Durante a ditadura, Darcy foi preso por ter acolhido Fernando Gabeira 

Em 1972, o cientista, que não tinha filiação partidária, chegou a ser preso e levado para depor, em razão de ter acolhido um militante perseguido pela ditadura em seu apartamento na Urca, em 1969. Em entrevista à Ciência Hoje, em edição publicada em 2009, contou que costumava dar guarida a quem, como ele, se opunha ao regime militar. E detalhou a prisão: 

“Certa vez, uma amiga pediu para eu receber em casa uma pessoa que estava em situação muito difícil e que, segundo ela, era mais ‘barra-pesada’. Morava sozinho nessa época e disse que poderia hospedá-la, mas, como sempre, só por alguns dias.
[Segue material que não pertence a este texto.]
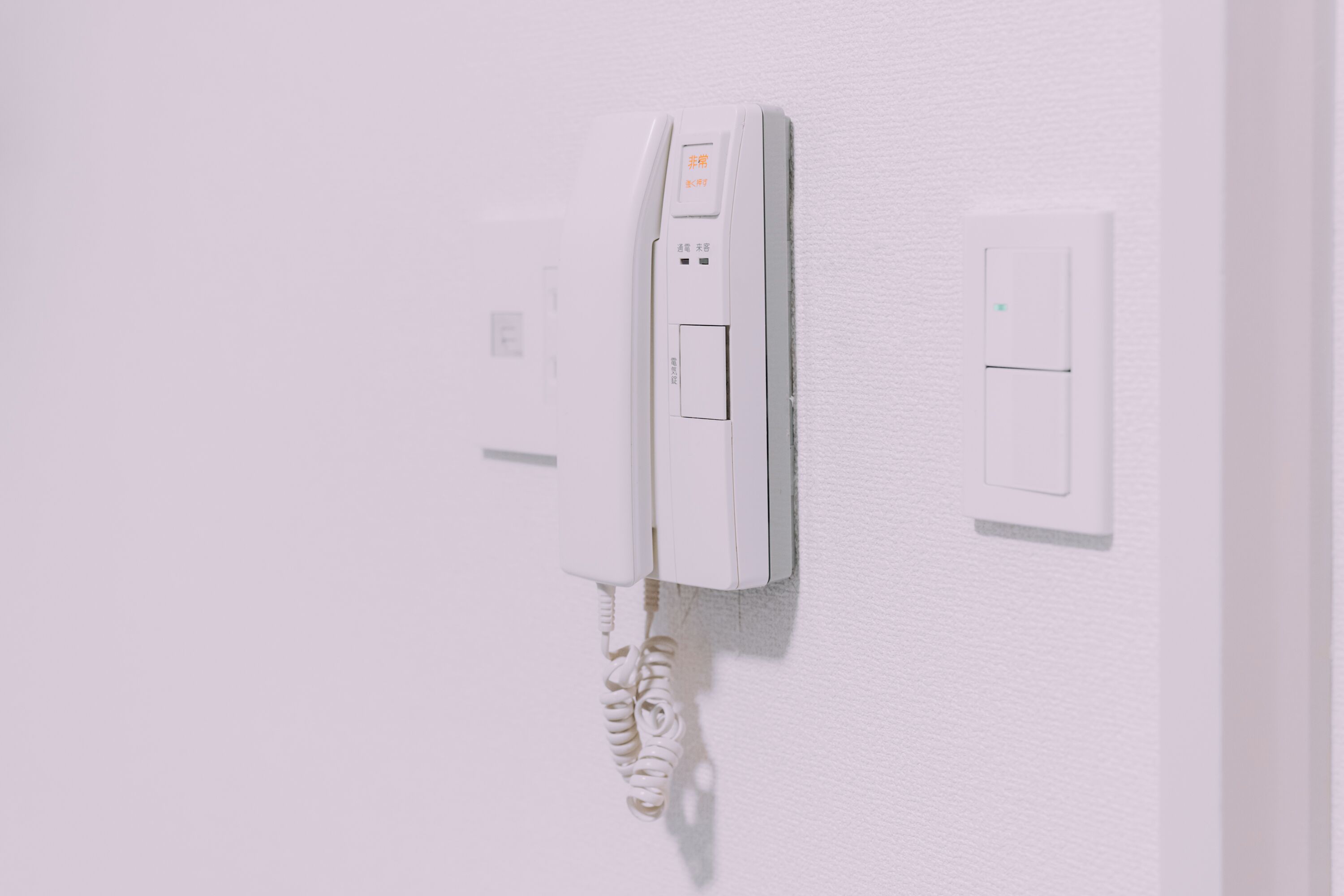 A white wall-mounted telephone with a cord, a power outlet, and a light switch.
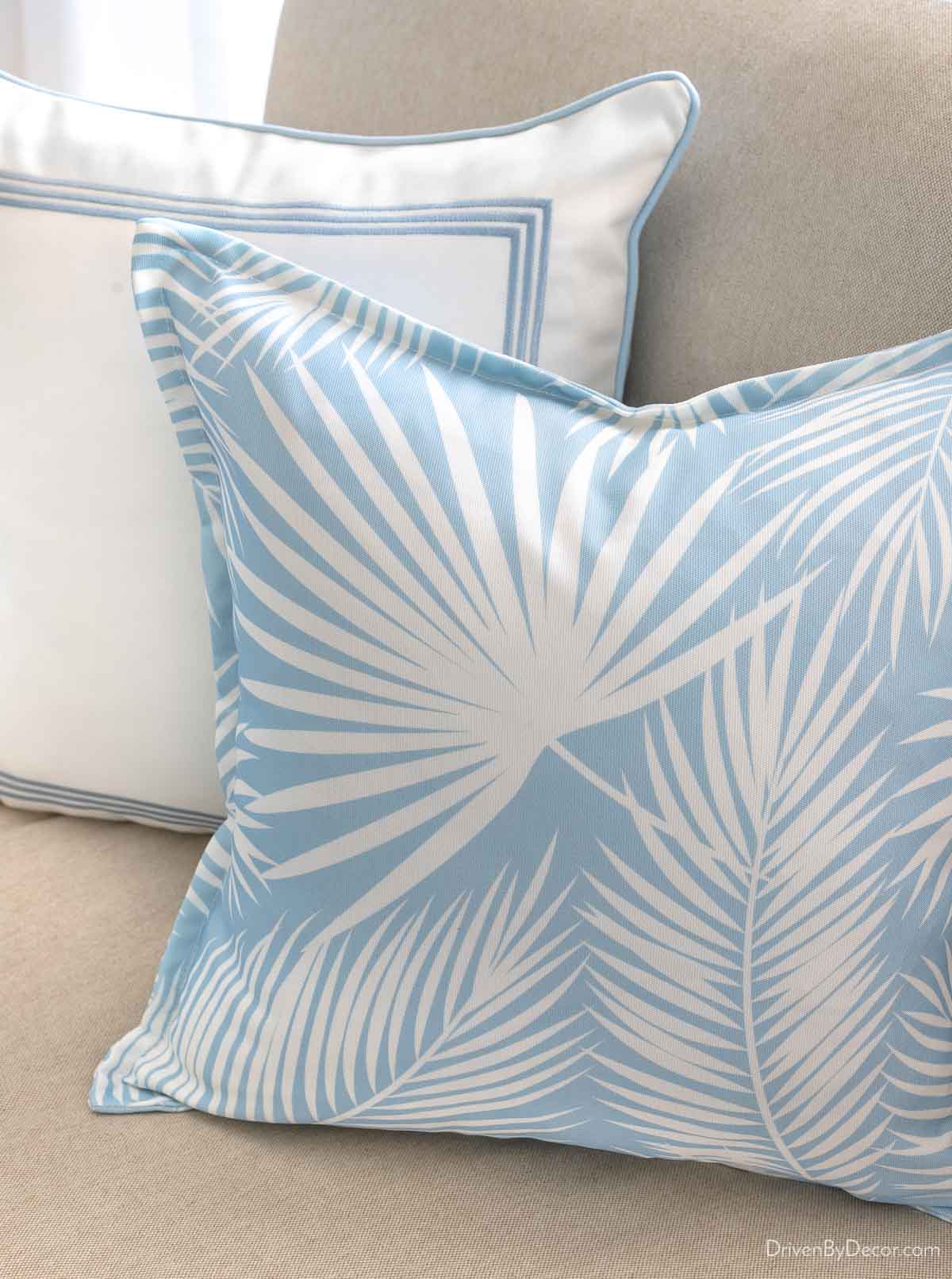 Budget-friendly pillow with light blue palm design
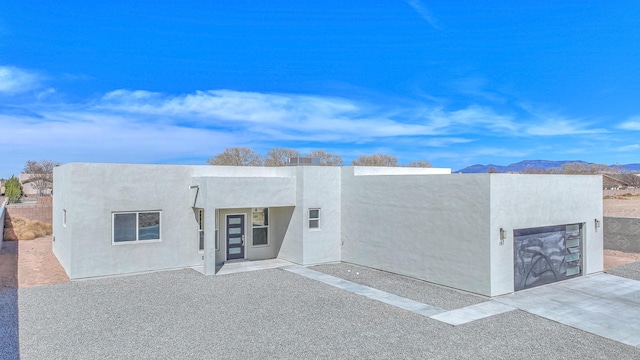 view of front of house featuring a garage, stucco siding, and a mountain view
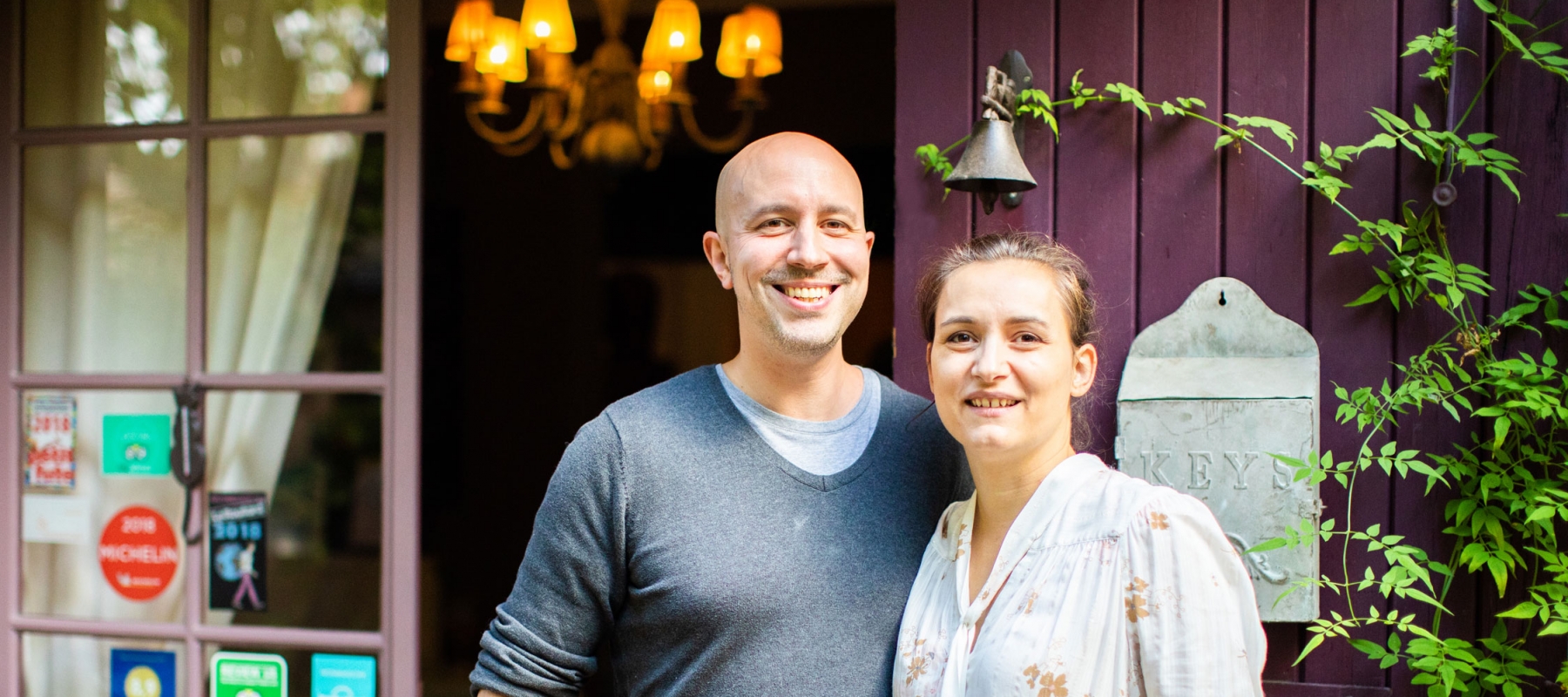 Couple standing in front of a door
Era [o jornalista] Fernando Gabeira [militante do Movimento Revolucionário Oito de Outubro (MR8]. Isso foi depois do famoso sequestro do embaixador norte-americano [Charles Burke Elbrick]. Sua foto já tinha aparecido várias vezes nos jornais. Ele ficou uma semana em minha casa e sequer saía à janela. Vinha para a sala fazer as refeições comigo e voltava para o quarto. Dias depois a moça voltou e o levou embora”. 

Darcy_Fontoura

A divulgação científica surge em dezenas de documentos do Fundo Darcy Fontoura de Almeida, entre eles, o Guia prático para ‘camelôs’ e ‘bailarinas’ – Debate sobre jornalismo científico, fruto do primeiro curso de Especialização em Divulgação Cientifica do país, ministrado pela Universidade de Brasília (UnB), em 1988, com apoio do CNPq. Boa parte do material remete à Ciência Hoje, criada por Darcy e três outros integrantes do combativo Grupo do Rio: o neurocientista Roberto Lent, também do Instituto de Biofísica da UFRJ; e os físicos Alberto Passos Guimarães (1908-1993), do Centro Brasileiro de Pesquisas Físicas (CBPF), e Ennio Candotti (1942-2023), da UFRJ.  
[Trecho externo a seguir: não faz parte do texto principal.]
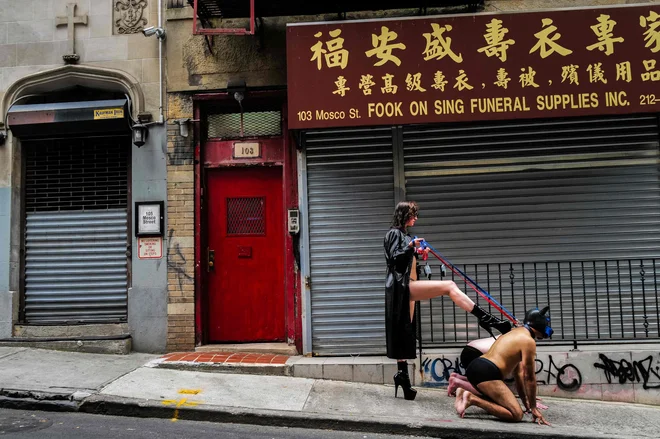 V kitajski četrti na Manhattenu ženska, oblečena kot domina, pozira fotografu z moškima, ki igrata njenega sužnja z živalsko masko. Foto: Charly Triballeau/Afp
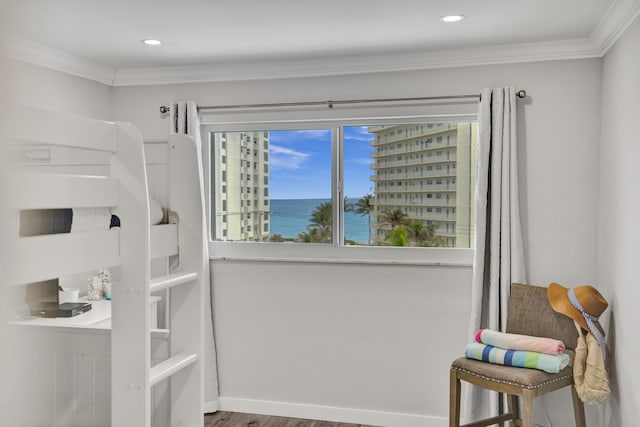 3100 S Ocean Blvd Unit 620, Highland Beach, FL 33487 - entryway featuring crown molding, a water view, wood finished floors, and recessed lighting
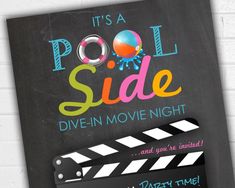 a chalkboard sign that says it's a pool side dive in movie night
Há uma vasta documentação sobre o processo de desenvolvimento da revista: definição de seções, prováveis temas e autores para edições; tiragens, gastos e as dificuldades para editá-la — embora o projeto seja de 1978, Ciência Hoje foi lançada em 1982, após um aporte financeiro do CNPq. A iniciativa foi adiante e deu “crias”: em 1985, o Informe Ciência, depois intitulado Jornal da Ciência; no ano seguinte, Ciência Hoje para Crianças. Jornalistas também participaram das iniciativas, entre eles, José Monserrat Filho (1939-2024), e Luísa Massarani, professora do Programa de Pós-Graduação em Divulgação da Ciência, Tecnologia e Saúde (COC/Fiocruz) e coordenadora do Instituto Nacional de Comunicação Pública da Ciência e Tecnologia (INCT-CPCT). 
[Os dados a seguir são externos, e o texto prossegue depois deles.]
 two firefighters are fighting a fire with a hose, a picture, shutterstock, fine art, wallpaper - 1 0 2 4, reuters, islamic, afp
Em 2009, Darcy resumiu o que o norteava: “As atividades de um pesquisador, sobretudo em um país em desenvolvimento, não devem se restringir a trabalhos experimentais no laboratório e à comunicação de resultados a seus pares. Compete-lhe também divulgar esses dados por meio do ensino e de todos os meios de comunicação disponíveis. Só assim sua contribuição poderá alcançar eficiência máxima, influenciando a trajetória da ciência no país”.